However, in some embodiments, the message may be the first message
in a conversation between two users. In some embodiments, the
conversation may be between more than two users. For example, the
user may be communicating with more than one user using multimedia
messaging service ("MMS").
[0068] Process 400 may continue at step 408. At step 408 an image
of a user is captured. In some embodiments the image described in
process 400 may be similar to image 145 described above in
connection with FIG. 1B, the same description applying herein. In
some embodiments, the image is captured by the camera of the
electronic device. For example, the camera of the electronic device
may capture an image of the face of the user inputting the message.

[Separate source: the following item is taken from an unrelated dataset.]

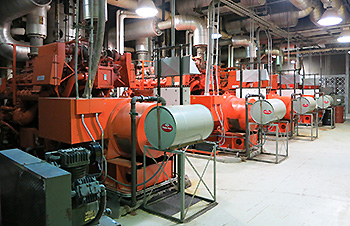Waukesha 4000kW natural gas power plant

In some embodiments, the image may be captured before the user
inputs the text, as the user inputs the text, or after the user
inputs the text. For example, the image may be captured before the
user types "What is going on?" As another example, the image may be
captured as the user types "What is going on?" As yet another
example, the image may be captured after the user types "What is
going on?" In some embodiments, multiple images may be taken. In
some embodiments, multiple images may be captured, a first image
before the user inputs the text, a second image as the user inputs
the text, and a third image after the user inputs the text. Any
number of images may be captured and the example using three images
is merely exemplary.
[0069] In some embodiments, where multiple words are inputted, the
camera may capture images as the user inputs each word. For
example, if the user inputs "What is going on?" the camera, in some
embodiments, may capture an image of the user's face four times.
The first image may be captured when the user inputs "What?" The
second image may be captured when the user inputs "is." The third
image may be captured when the user inputs "going." The fourth
image may be captured when the user inputs "on?"
[0070] In some embodiments, the entire face of the user is captured
by the camera in the image. In some embodiments, only part of the
user's face is captured by the camera in the image. For example,
the image may only show the user's eyebrows, eyes, forehead, and
nose. In another example the image may only show the user's mouth
and chin. As another example, the image may only show half of the
user's face (i.e. one eye, one eyebrow, etc.).
[0071] In some embodiments, once the image has been captured, the
electronic device may determine whether a face or part of the
user's face is present in the image. In some embodiments, the
electronic device may perform this analysis by using one or more
processors of the electronic device. If, for example, a face is not
present in the image, in some embodiments, the electronic device
may capture an additional image. The additional image may be
captured in an attempt to capture an image of the user's face.
Moreover, in some embodiments, the electronic device may display a
notification asking the user to move their face into the frame of
the image, allowing the camera to capture the face of the user.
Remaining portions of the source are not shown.